Sometimes, yeah. Most of the GbE clients wouldn't be heavily transferring files all the time, but I'd rather not have, say my laptop over Wireless AC either getting slow speeds or causing slowdowns for everything else on the switch. Even being a half-duplex medium, it would be able to eat a sizable chunk of that 1Gb uplink from the switch by itself, not factoring in other clients' regular internet+intranet traffic.
What exact board did you get with that many integrated nics?
It's this one: https://www.supermicro.com/products/motherboard/Xeon/D/X10SDV-TP8F.cfm though I was initially considering Rangely Atom boards (like most of the mid-level appliances in the pfSense store) I decided to go with the newer Xeon-D architecture instead. So it really came down to that board and this one, which for the ~$20 price difference through the distributor I bought it through, it wasn't really worth passing up the extra GbE ports.

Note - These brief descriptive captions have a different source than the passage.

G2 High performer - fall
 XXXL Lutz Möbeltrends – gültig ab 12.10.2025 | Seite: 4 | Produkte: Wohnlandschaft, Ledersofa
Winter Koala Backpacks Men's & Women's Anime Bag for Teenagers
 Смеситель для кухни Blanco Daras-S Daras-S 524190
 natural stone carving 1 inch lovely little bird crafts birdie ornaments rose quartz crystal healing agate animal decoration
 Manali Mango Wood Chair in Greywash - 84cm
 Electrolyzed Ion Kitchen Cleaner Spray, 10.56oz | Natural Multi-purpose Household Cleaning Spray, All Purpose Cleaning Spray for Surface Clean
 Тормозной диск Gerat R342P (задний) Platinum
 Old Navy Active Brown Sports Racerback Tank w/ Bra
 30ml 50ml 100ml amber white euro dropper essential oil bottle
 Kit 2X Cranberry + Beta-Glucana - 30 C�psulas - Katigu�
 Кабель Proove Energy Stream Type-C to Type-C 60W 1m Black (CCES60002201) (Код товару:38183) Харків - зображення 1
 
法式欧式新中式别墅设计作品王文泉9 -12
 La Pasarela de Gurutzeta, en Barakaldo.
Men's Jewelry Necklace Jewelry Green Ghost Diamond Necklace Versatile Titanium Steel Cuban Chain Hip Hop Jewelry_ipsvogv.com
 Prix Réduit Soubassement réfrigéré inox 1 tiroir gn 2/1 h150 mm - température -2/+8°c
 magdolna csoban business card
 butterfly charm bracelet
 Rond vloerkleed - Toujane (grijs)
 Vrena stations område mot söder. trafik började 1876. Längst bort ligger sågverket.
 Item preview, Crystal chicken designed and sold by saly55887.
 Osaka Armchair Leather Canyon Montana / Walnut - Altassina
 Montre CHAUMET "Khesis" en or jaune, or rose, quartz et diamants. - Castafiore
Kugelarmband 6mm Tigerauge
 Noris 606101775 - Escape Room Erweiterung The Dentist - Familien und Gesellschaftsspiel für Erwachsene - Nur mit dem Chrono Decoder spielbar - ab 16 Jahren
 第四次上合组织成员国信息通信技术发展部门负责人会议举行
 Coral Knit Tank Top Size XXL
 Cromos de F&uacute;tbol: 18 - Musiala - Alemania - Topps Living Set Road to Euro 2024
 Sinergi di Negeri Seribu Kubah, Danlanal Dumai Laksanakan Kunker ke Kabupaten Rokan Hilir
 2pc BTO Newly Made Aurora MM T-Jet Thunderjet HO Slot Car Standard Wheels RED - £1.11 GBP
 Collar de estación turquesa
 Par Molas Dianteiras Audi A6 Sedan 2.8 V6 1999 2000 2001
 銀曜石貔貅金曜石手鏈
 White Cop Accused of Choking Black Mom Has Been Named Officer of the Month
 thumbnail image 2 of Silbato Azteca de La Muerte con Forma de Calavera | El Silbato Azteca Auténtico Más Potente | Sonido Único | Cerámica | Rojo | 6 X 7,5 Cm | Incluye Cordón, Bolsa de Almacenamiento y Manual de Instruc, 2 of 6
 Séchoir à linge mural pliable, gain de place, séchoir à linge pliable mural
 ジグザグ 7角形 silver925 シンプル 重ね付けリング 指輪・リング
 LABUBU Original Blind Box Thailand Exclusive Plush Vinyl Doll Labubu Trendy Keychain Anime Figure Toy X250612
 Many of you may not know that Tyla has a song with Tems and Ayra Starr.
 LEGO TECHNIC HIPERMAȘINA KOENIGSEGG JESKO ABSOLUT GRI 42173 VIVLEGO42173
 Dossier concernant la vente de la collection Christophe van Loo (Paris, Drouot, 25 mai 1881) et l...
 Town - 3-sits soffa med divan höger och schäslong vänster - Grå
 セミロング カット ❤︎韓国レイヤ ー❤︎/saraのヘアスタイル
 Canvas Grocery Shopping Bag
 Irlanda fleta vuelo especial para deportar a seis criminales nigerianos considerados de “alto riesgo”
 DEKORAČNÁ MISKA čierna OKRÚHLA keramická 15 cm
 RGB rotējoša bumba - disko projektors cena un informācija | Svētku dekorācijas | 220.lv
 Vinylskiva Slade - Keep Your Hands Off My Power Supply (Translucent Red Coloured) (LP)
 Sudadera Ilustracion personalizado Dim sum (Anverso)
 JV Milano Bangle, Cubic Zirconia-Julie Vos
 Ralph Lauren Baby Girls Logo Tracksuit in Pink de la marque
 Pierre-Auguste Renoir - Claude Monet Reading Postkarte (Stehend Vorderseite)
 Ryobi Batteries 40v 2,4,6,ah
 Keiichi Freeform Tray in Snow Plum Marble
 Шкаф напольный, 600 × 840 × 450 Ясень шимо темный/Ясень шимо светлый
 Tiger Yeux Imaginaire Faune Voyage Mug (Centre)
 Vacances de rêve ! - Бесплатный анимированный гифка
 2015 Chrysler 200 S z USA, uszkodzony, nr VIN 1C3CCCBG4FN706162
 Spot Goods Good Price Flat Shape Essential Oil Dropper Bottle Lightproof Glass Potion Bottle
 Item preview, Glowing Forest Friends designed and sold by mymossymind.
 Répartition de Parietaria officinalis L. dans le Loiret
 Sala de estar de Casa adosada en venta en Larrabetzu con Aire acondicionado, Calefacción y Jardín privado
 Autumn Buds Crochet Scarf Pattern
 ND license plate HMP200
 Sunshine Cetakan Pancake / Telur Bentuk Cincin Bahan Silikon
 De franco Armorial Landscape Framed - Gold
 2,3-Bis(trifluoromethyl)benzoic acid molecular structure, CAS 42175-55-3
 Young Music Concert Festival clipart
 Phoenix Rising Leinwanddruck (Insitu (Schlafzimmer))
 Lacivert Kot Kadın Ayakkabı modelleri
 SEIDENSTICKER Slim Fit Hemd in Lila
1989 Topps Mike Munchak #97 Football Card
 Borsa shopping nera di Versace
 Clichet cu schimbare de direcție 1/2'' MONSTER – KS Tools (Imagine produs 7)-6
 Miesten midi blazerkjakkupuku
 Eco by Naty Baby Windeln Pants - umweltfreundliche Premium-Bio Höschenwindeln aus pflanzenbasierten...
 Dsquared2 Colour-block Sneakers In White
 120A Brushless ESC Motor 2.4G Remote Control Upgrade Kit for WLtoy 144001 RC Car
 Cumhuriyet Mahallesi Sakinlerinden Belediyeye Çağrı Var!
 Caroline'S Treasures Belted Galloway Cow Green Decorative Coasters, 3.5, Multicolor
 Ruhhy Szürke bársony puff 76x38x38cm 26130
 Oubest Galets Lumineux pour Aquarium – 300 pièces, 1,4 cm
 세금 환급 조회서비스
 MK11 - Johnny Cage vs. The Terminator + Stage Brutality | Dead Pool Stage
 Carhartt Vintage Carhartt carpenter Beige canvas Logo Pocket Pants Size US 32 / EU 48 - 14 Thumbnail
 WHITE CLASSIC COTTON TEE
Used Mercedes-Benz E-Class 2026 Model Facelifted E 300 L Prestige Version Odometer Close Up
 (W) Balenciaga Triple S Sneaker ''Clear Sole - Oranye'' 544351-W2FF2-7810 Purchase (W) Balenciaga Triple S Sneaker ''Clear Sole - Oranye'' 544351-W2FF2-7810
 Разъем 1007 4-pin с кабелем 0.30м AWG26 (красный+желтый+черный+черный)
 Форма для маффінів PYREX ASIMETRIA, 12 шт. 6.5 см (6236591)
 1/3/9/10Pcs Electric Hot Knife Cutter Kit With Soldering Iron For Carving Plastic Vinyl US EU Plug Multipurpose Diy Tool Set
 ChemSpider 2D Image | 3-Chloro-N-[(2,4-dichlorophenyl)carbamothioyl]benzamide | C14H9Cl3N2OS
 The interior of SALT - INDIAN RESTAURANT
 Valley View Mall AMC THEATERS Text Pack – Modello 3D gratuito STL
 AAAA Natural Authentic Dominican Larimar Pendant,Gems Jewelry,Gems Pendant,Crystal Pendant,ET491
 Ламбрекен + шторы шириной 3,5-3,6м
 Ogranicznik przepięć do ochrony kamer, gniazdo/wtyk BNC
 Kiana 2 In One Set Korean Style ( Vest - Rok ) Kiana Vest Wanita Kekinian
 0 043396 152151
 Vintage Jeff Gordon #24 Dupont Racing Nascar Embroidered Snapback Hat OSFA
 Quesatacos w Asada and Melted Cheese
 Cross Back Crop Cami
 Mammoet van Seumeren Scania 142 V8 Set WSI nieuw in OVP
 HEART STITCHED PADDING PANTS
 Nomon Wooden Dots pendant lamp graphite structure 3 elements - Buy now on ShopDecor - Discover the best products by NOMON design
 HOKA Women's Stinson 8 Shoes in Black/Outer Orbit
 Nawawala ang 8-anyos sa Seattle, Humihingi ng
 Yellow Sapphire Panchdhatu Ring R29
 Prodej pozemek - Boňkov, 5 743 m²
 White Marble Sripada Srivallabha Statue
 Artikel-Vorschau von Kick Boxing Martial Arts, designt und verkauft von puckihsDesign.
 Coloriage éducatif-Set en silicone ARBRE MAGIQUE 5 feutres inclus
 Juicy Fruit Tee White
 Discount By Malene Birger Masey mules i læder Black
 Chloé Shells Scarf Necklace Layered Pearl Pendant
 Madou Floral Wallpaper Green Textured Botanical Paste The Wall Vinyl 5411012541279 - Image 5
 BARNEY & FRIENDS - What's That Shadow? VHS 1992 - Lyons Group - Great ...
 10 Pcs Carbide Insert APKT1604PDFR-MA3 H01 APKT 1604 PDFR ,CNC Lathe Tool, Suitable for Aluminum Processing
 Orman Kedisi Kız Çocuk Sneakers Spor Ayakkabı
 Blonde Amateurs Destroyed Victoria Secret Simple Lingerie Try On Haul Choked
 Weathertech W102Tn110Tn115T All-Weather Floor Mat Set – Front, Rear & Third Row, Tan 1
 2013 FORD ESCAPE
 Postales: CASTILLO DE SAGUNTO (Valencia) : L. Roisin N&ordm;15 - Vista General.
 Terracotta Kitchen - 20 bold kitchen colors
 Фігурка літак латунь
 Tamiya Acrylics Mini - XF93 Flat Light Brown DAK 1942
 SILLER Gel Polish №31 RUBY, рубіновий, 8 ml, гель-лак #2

You don't need a managed switch, you don't even need a "smart" switch unless your wanting to vlan.
That's my main dilemma, I need to VLAN for the access points and management network, so a smart or managed switch would be required if I can't use the ports already on my box. I'll be able to handle some of that on the router that I'd be repurposing as an AP+Switch, but it still wouldn't be able to handle the second AP upstairs or my desktop over 10Gb fiber.